Se occupazione e disoccupazione fanno registrare dati incoraggianti per il futuro dell’economia del lavoro in Italia, negli ultimi 12 mesi il 46% dei lavoratori ha cambiato lavoro o ha intenzione di farlo. Una percentuale che raggiunge il 77% per gli under 27. E il 55% di chi dice di voler cambiare lavoro sta già facendo colloqui. Appena l’11% sta bene rispetto a tutte e tre le dimensioni del benessere lavorativo: psicologico, relazionale e fisico. In generale, c’è un malessere diffuso, che ha portato il 42% dei lavoratori ad assentarsi nell’ultimo anno. A dirlo è la ricerca 2023 dell’Osservatorio HR Innovation Practice della School of Management del Politecnico di Milano che ha coinvolto ottocento rispondenti. Secondo la ricerca in Italia ci sono 2,3 milioni di quiet quitter che fanno il minimo indispensabile, mentre 1,1 milioni sono job creeper, quelli che non riescono a smettere mai di lavorare. Solo il 7% dichiara di essere felice.

La ricerca di Gallup

Anche l’ultimo report Gallup State of the Global Workplace2023, società americana di analisi sullo stato globale del mondo del lavoro, registra che gli italiani sono sottopagati e mobbizzati (e, appunto i più infelici in Europa). Quasi 30 su 100 provano un’intensa sofferenza, ma restano incerti sulle chances di cambiamento. Reinventarsi è impossibile. Ne sono convinti soprattutto i quarentenni e cinquantenni. Un’altra parte di italiani, invece, ha mollato. Dopo la pandemia abbiamo assistito al fenomeno globale delle dimissioni di massa. Nel 2022 – fonte Ministero del Lavoro – quasi 2 milioni di lavoratori hanno cambiato impiego. Il report Gallup ha evidenziato un netto declino delle considerazioni che i lavoratori italiani hanno rispetto alla loro mansione e una generale rassegnazione. È stato stimato infatti che le persone sono “tristi senza essere arrabbiate e stressate senza avere grandi prospettive di cambiamento”.

La ricaduta su aspetti umani

La ricerca di Gallup mostra un allarme su aspetti di natura umana. Il report ha raccolto e confrontato i dati sui dipendenti di 38 Paesi, delineando un quadro generale delle condizioni di ciascuna nazione. I risultati dello studio dicono che peggio dell’Italia c’è solo Cipro nord, che ha un solo punto percentuale in più per quanto riguarda i lavoratori intensamente tristi durante la loro giornata (il 28% contro il 27% in Italia). L’elemento della ricerca che fa riflettere in modo particolare è sicuramente il bassissimo livello di coinvolgimento dei lavoratori nelle proprie attività quotidiane. Solo il 5% dei dipendenti sente di essere appagato lavorando e crede (o spera) che la mansione che svolge sia quella in cui rimarrà anche in futuro.
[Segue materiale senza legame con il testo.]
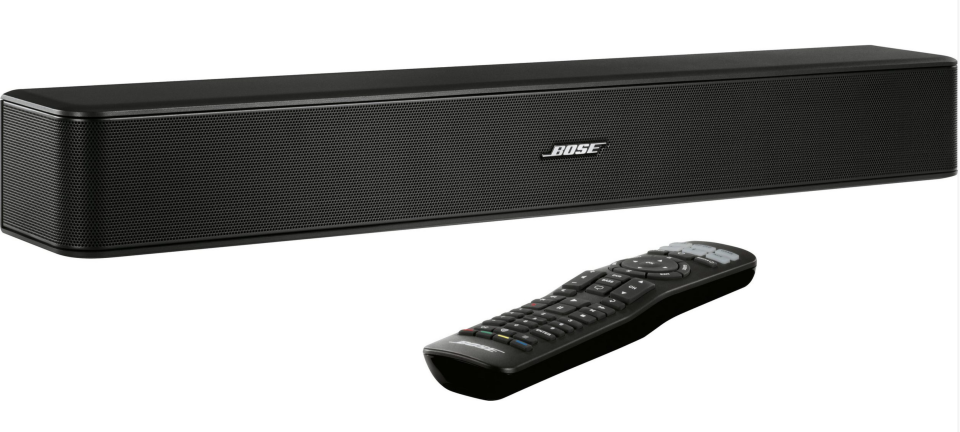 Bose Solo 5 Soundbar (Bose)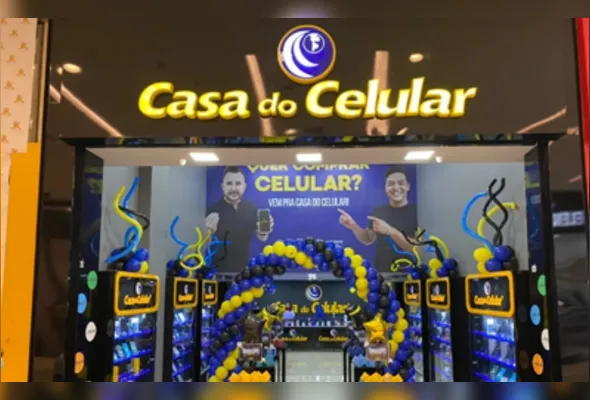 Hugo Casasanta: “Nosso propósito é fazer com que todos tenham acesso à tecnologia"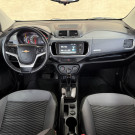 GM - Chevrolet SPIN ACTIV7 1.8 8V Econo.Flex 5p Aut. 2020 Flex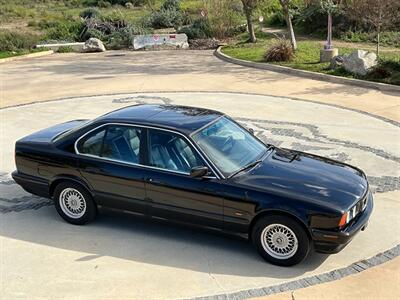 1995 BMW 525i   - Photo 18 - Escondido, CA 92029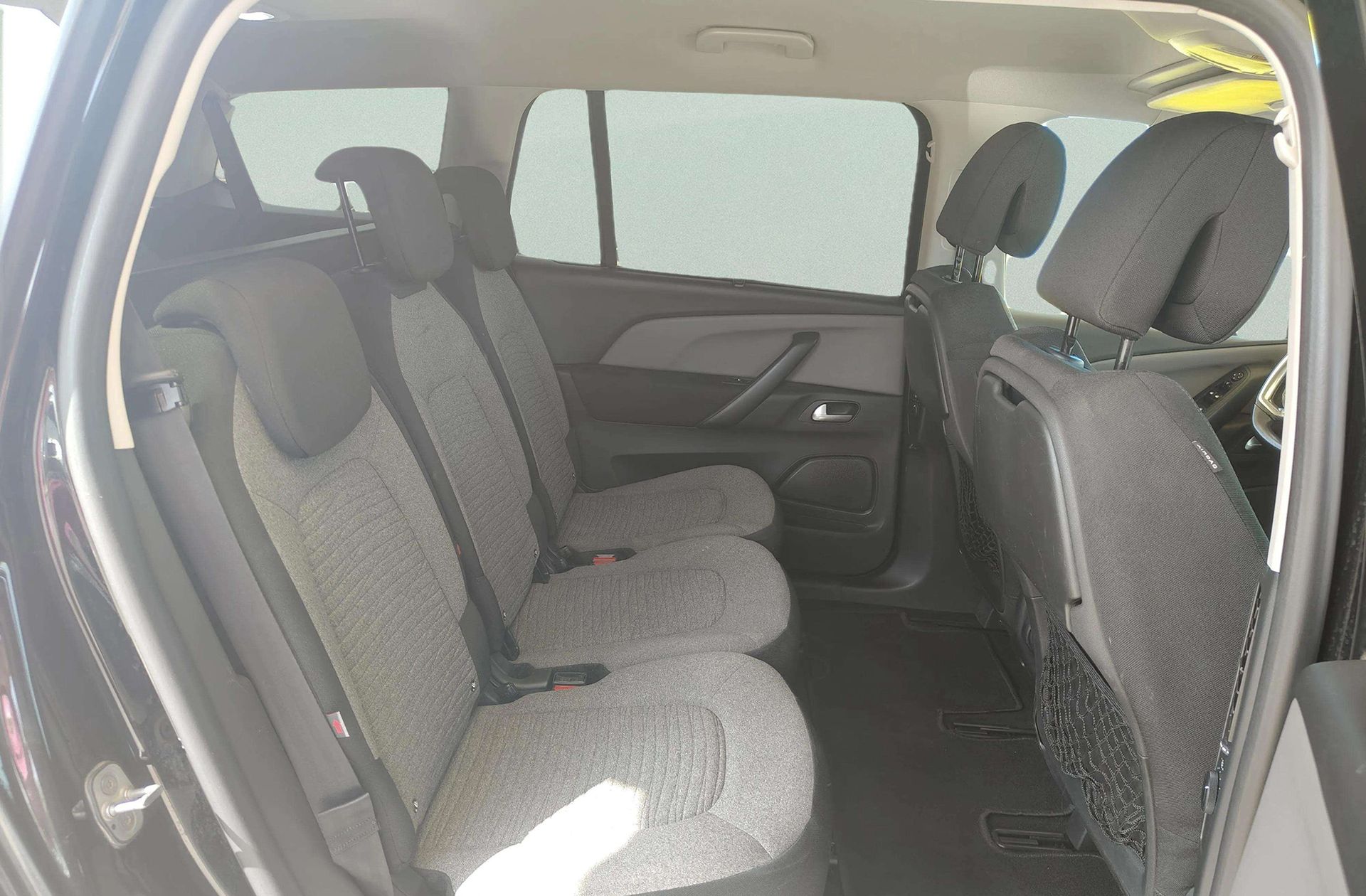 Citroën C4 Grand Picasso BlueHDi 120 Seduction 7 plazas - foto 16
Percentuale ancora più preoccupante rispetto alla media europea che è quasi il triplo (13%), mentre quella globale arriva addirittura al 23%.

La ricaduta sul PIL

E non è solo un tema individuale: all’economia italiana il cosiddetto disengagement da parte dei lavoratori costa 273 miliardi di euro l’anno, corrispondenti a circa il 13% del Pil del Paese. Secondo il report Gallup nel 46% degli intervistati (il 7% in più rispetto alla media europea) è lo stress la principale ragione del malcontento di un lavoratore italiano medio. Nonostante le percentuali del livello di rabbia siano relativamente basse (con il 16%), sembra che il mondo del lavoro si sia rassegnato a dover vivere un basso grado di felicità e di coinvolgimento rispetto alle proprie professioni, come se il lavoro fosse una costrizione senza alcun tipo di appagamento.